[[ Data below open ]]

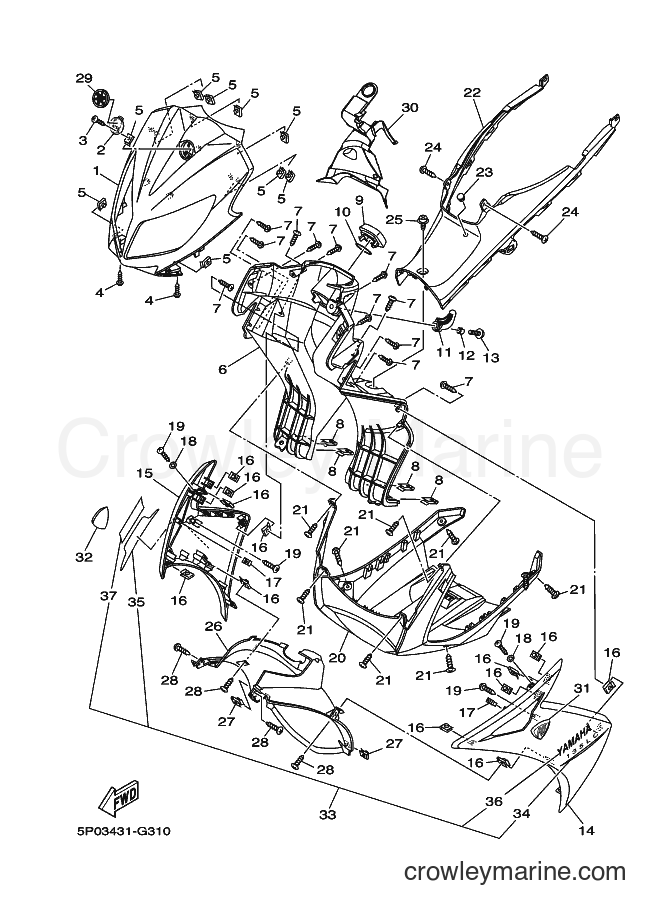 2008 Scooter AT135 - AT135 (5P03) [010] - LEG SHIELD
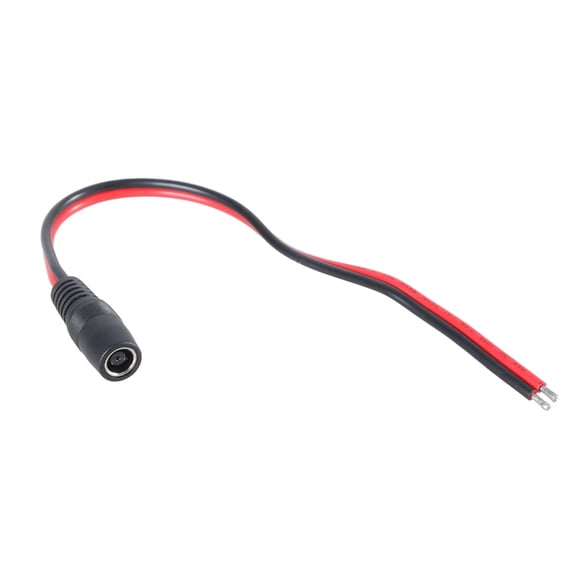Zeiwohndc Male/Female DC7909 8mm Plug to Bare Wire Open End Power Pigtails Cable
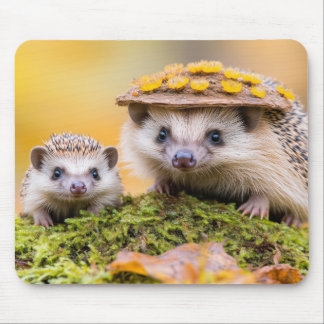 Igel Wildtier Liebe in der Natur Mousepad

[[ Data below closed ]]

▶ **Work required**
Retype the listing exactly. Pictures do not belong in the copy.

▶ **Finished task**
 2008 Scooter AT135 - AT135 (5P03) [010] - LEG SHIELD
Zeiwohndc Male/Female DC7909 8mm Plug to Bare Wire Open End Power Pigtails Cable
 Igel Wildtier Liebe in der Natur Mousepad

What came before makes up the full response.